(Records)

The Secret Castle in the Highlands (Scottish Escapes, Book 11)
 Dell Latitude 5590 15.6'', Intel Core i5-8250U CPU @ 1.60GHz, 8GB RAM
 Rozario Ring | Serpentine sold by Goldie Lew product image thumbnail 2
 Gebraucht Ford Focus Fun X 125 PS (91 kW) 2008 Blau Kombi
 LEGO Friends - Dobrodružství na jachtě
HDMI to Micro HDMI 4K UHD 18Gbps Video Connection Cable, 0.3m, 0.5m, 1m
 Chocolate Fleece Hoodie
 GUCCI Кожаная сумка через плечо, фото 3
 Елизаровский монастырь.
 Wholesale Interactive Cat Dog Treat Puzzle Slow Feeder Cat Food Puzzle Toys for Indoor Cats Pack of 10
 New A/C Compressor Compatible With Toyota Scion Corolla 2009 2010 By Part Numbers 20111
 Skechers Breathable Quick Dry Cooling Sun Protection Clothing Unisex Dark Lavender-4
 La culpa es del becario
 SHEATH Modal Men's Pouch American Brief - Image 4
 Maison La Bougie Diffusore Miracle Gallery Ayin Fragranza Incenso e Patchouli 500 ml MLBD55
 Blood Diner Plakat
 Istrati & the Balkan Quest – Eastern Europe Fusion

(End Records)

Task to carry out
Your reply must contain exactly the lines from the first line of the data through the line holding "Gebraucht Ford Focus", and nothing more.

Exercise answer
The Secret Castle in the Highlands (Scottish Escapes, Book 11)
 Dell Latitude 5590 15.6'', Intel Core i5-8250U CPU @ 1.60GHz, 8GB RAM
 Rozario Ring | Serpentine sold by Goldie Lew product image thumbnail 2
 Gebraucht Ford Focus Fun X 125 PS (91 kW) 2008 Blau Kombi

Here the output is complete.